Once the team's limitations are known, I would take the 4 known starters and all the possible starters that could be used when one of the four initial starters gets hurt or their performance is sub par. Using data from (.xml data) imported into an .SQL database, I would find how many innings the starter can go knowing the limited pitch count. If the pitcher was allowed to throw more pitches previously with a 5 man rotation, I would then limit them to the inning when the pitch count was reached. The distance the starter goes, on average, can easily be determined along with the frequency of the distance the starter could go in any game depending on how much they have pitched in previous games.

Next a bullpen usage grid would need to be created for all possible relievers. For example the closer can throw 1 inning two nights in a row, as long as he didn't throw 2 innings the previous day. This could get a little complex, but would be needed fully completed to determined the feasibility of the 4 man rotation.

The process can now be automated by writing a program that would take the starters and the available bullpen and see if the bullpen would be used knowing how usage of the starters and relievers.

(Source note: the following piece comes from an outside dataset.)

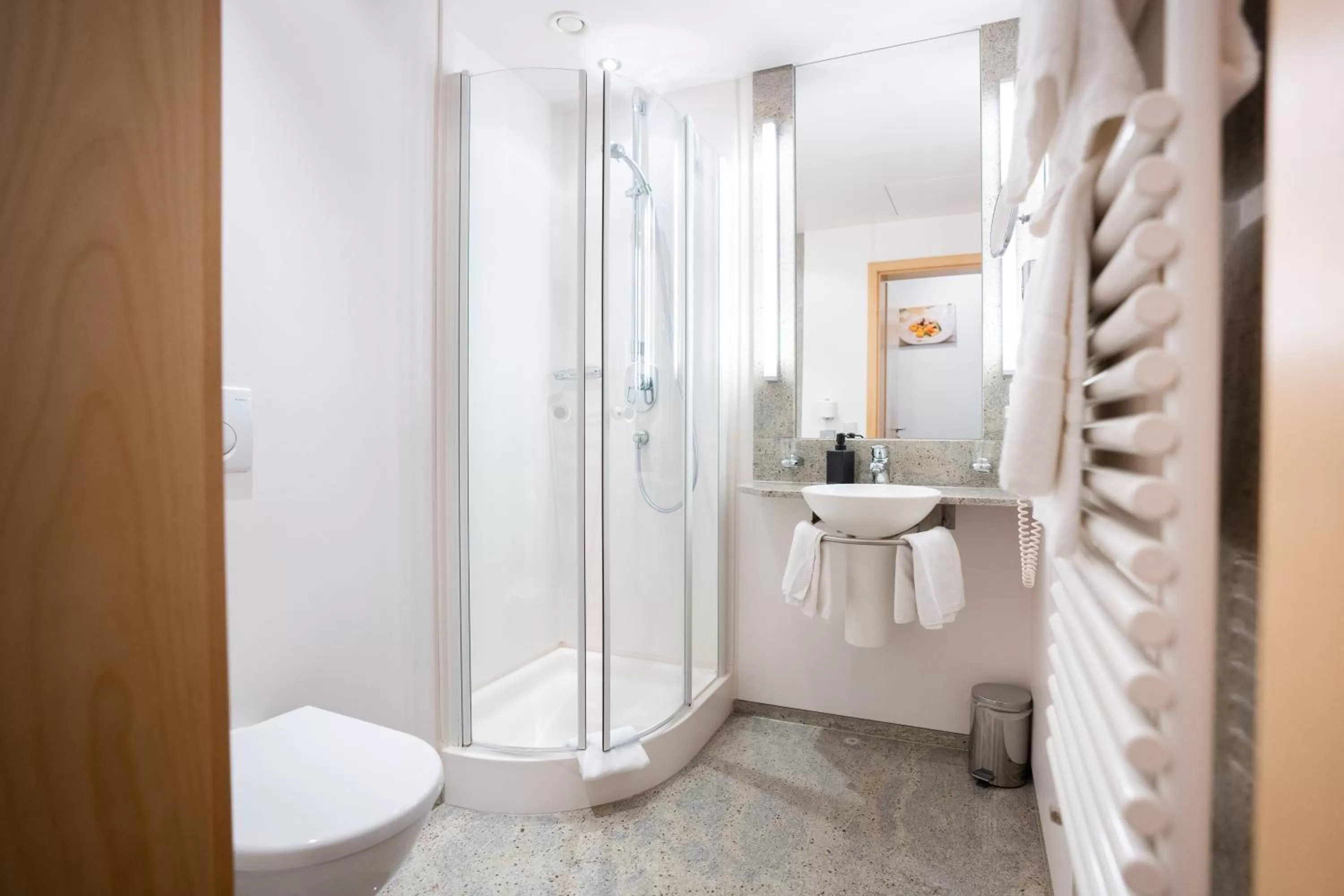 Bathroom in Klosterbräuhaus Ursberg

For example, for the first game the starting pitchers goes 6 innings and three relievers would be needed for inning each to finish the game.

The program at this point could be as simple or complex as need. It would run with just the set number of pitchers or actually calculate in possible injuries. The game's score would added in depending on how far the starting pitcher could go in the game. It would then run several thousand times to look for all possible situations that the bullpen is inadequate.

One possible problem detected would be when the bullpen would not be able to keep up and their usage exceeds that available. The teams currently bullpen only has 1 long reliever, but do to the tendencies of the starting pitchers, there may be case where a 2nd long reliever is needed before the first is fully rested.

Another aspect that could be detected is the the usages of each reliever. If the team is carrying 3 long relievers, but only two are needed, the program would show which are getting under or over utilized.